━━ Data in this exercise ━━

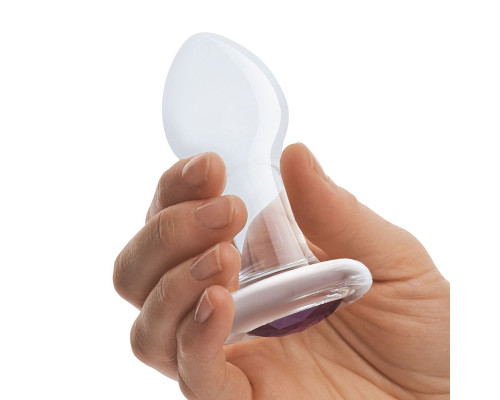 Стеклянная анальная пробка с фиолетовым стразом - 9 см.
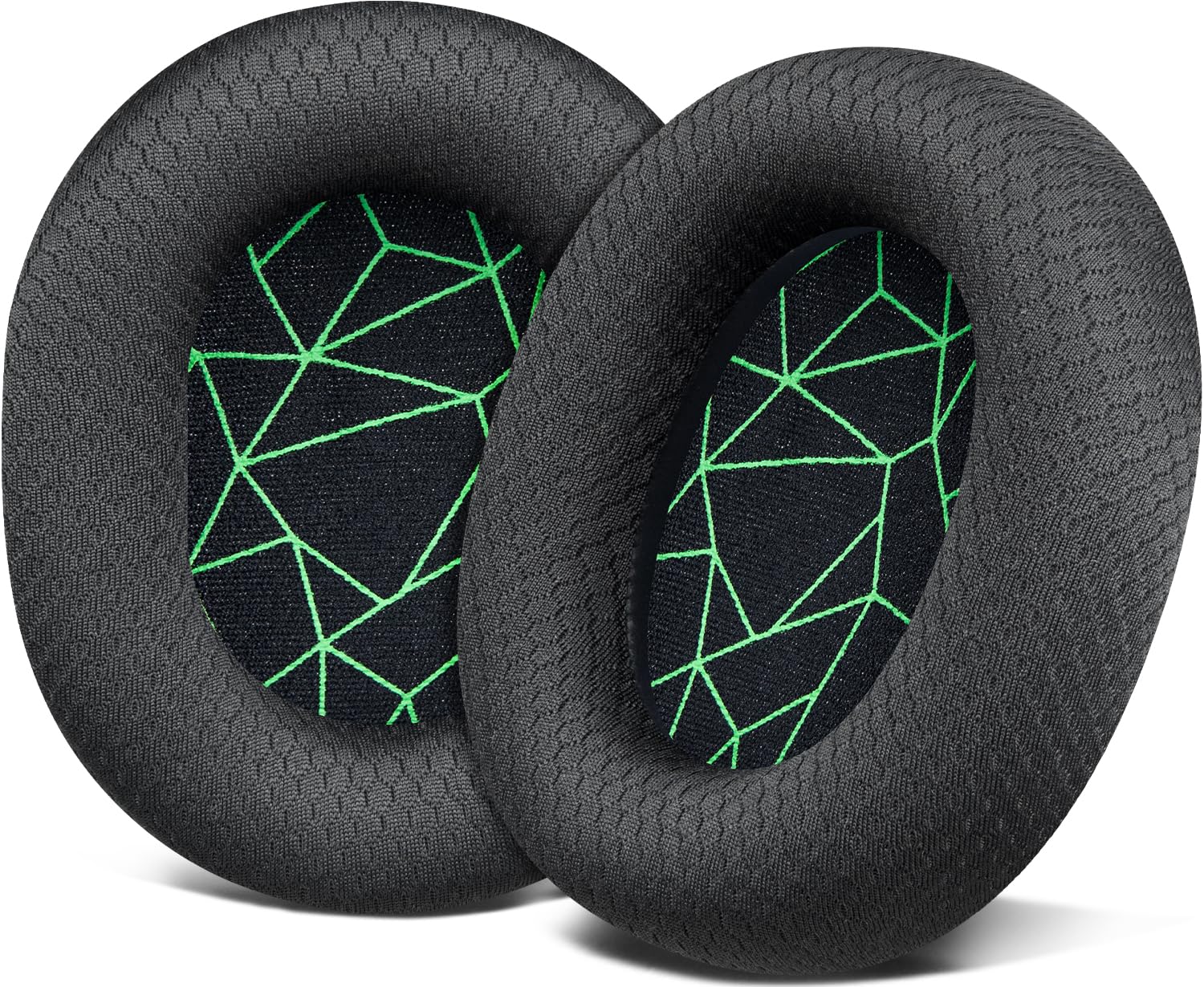 soulwit replacement earpads for steelseries arctis 1/3/5/arctis 7/7+/7p/7p+/7x/7x+/9/9x/pro/prime(do not fit any arctis nova) headset, ear pads cushions with high-density foam - black(green line)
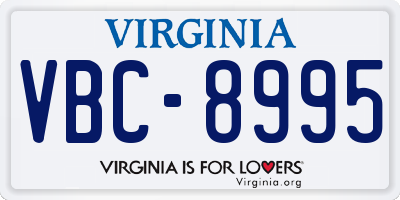 VA license plate VBC8995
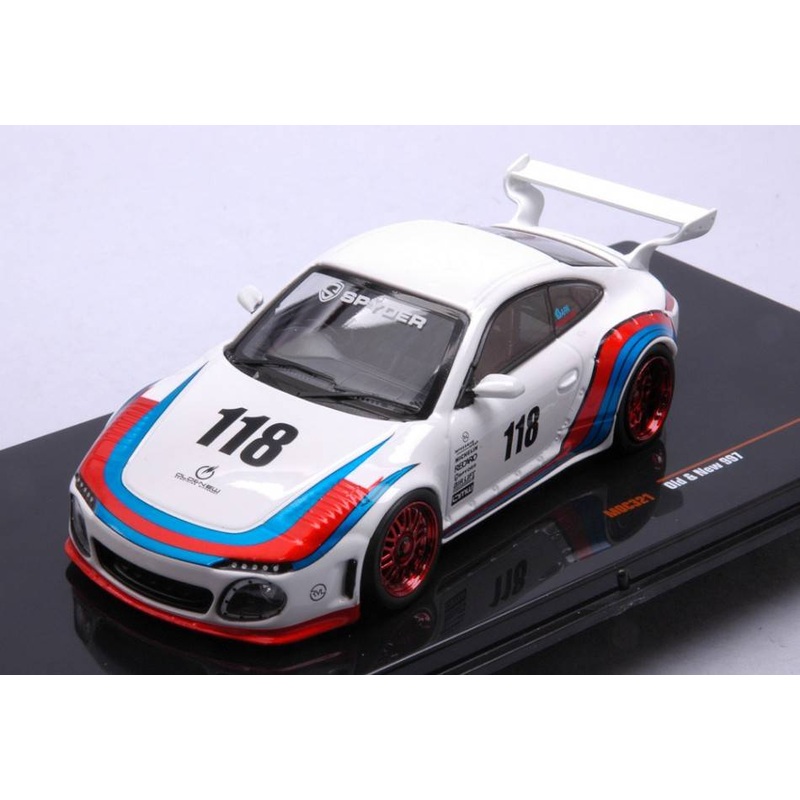 SCALE MODEL COMPATIBLE WITH PORSCHE OLD AND NEW 997 N.118 MARTINI WHITE (BASE 911-997)1:43 IXO MODEL MOC321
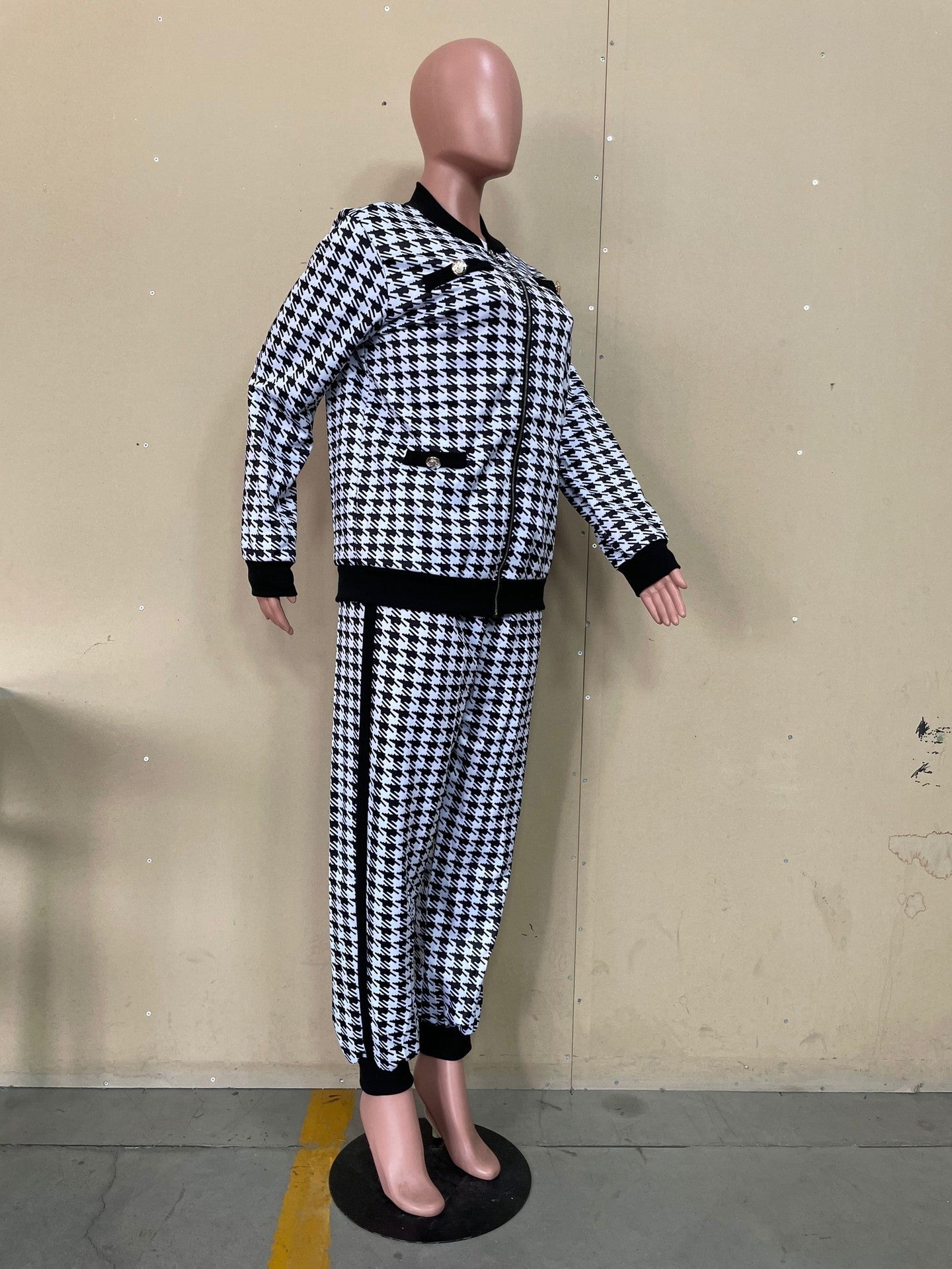 Women Casual long-sleeved Top and Pant houndstooth two-piece set 8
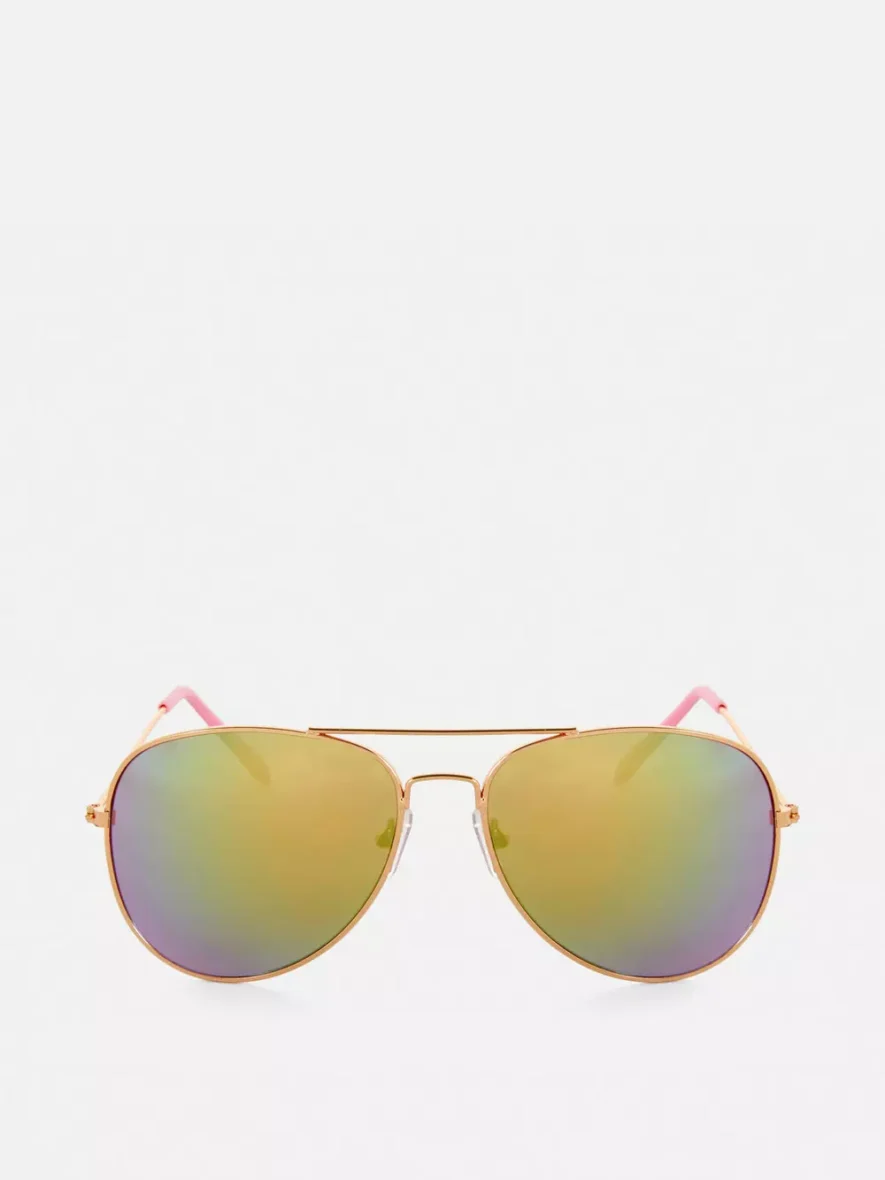 Lunettes de soleil aviateur avec verres arc-en-ciel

━━━

▶ **Work task**
Please transcribe word for word the lines from the one bearing "SCALE MODEL COMPATIBLE" through the last line of the records above, omitting the pictures.

▶ **Output of the exercise**
 SCALE MODEL COMPATIBLE WITH PORSCHE OLD AND NEW 997 N.118 MARTINI WHITE (BASE 911-997)1:43 IXO MODEL MOC321
 Women Casual long-sleeved Top and Pant houndstooth two-piece set 8
 Lunettes de soleil aviateur avec verres arc-en-ciel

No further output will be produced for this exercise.